So, instead of attacking the Israelites, the Moabites sent women into their camp – women who did not have the same standards of purity and marital fidelity that God had commanded His people to have.

And Israel abode in Shittim, and the people began to commit whoredom with the daughters of Moab. And they called the people unto the sacrifices of their gods: and the people did eat, and bowed down to their gods. And Israel joined himself unto Baalpeor: and the anger of the Lord was kindled against Israel.

Numbers 25:1-2

This was so much more effective than attacking with an army of soldiers. It caused their own God and their own earthly leader, Moses, to have to deal with this sin very harshly.

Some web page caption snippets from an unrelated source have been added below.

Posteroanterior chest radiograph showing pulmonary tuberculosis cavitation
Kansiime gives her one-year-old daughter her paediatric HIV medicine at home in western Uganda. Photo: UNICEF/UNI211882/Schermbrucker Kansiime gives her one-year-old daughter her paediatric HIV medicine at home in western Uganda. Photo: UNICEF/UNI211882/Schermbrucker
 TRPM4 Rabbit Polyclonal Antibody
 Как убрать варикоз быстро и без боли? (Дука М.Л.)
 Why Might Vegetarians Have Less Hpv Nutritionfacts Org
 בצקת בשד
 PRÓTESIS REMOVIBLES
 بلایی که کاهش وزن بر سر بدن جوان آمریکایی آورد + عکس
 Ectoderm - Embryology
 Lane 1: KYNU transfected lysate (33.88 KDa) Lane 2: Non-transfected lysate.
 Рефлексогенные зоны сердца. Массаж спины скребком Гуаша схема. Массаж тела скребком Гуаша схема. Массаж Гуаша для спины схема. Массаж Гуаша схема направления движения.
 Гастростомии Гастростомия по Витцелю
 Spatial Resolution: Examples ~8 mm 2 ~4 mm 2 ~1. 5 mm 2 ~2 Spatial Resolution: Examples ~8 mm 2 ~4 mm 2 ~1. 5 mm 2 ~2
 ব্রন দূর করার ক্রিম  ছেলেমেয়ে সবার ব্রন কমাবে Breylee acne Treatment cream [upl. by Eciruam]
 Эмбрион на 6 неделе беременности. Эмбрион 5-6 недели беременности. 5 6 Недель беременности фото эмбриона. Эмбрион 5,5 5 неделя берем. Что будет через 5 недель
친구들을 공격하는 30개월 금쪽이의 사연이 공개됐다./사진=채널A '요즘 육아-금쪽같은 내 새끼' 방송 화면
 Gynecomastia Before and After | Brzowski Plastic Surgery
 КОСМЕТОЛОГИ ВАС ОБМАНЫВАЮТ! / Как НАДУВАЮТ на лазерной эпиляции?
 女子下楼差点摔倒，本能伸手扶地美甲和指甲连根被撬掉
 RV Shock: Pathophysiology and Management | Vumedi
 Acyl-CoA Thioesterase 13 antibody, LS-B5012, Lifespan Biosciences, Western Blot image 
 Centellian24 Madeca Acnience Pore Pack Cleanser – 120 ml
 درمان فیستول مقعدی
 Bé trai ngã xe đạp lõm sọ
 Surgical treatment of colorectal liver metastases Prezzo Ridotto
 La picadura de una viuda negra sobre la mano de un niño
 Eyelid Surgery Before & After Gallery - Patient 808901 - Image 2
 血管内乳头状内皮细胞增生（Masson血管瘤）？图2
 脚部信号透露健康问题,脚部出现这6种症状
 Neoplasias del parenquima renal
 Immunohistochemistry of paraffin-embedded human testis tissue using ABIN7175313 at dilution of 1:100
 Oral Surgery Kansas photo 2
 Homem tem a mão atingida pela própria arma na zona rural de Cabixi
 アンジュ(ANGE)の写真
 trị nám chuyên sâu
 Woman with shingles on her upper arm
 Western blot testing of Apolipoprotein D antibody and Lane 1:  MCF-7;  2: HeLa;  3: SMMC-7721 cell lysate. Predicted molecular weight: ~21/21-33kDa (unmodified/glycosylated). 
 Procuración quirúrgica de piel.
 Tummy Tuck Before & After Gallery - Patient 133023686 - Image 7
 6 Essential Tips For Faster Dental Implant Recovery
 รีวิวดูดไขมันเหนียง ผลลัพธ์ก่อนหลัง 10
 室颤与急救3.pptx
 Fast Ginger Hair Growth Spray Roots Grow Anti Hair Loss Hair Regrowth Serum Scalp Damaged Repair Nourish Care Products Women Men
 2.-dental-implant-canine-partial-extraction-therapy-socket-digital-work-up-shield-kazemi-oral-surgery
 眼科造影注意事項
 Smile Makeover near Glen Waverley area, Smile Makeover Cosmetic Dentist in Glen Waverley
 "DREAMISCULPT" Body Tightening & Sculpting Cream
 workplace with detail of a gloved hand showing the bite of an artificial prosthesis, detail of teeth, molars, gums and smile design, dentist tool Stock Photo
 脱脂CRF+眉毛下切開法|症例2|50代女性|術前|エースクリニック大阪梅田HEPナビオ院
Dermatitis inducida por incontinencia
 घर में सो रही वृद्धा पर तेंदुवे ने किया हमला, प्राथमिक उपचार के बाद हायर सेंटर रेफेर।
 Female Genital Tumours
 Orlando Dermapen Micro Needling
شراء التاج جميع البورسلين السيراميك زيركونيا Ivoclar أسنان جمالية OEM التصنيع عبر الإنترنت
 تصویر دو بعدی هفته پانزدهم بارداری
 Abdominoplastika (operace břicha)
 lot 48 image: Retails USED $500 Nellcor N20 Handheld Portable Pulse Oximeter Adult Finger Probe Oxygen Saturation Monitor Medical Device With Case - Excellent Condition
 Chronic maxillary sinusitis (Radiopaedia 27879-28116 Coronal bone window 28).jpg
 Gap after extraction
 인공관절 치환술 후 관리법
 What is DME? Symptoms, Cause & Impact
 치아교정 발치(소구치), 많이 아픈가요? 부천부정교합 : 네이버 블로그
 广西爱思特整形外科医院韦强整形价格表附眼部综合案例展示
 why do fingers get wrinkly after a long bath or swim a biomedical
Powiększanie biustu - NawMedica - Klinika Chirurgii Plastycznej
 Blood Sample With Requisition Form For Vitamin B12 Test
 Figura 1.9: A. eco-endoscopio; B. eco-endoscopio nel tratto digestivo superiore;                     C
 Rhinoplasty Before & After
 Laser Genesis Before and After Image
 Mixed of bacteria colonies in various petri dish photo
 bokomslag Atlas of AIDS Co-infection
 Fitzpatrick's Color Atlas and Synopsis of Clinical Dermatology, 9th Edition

And the Lord said unto Moses, Take all the heads of the people, and hang them up before the Lord against the sun, that the fierce anger of the Lord may be turned away from Israel.

Numbers 25:4

God told Moses to “take the heads” of the families, which does not mean that He ordered them to be decapitated, but that He wanted the leaders and princes of the tribes – the ones who had failed to restrain their families – to be rounded up. They were to be killed and displayed before sundown – in broad daylight – so that everyone could see, and possibly so that their bodies were left hanging up, and not buried, to show that they were cursed as Covenant-violators. God also sent a plague into the camp, and people were dying by the thousands from what appeared to be disease.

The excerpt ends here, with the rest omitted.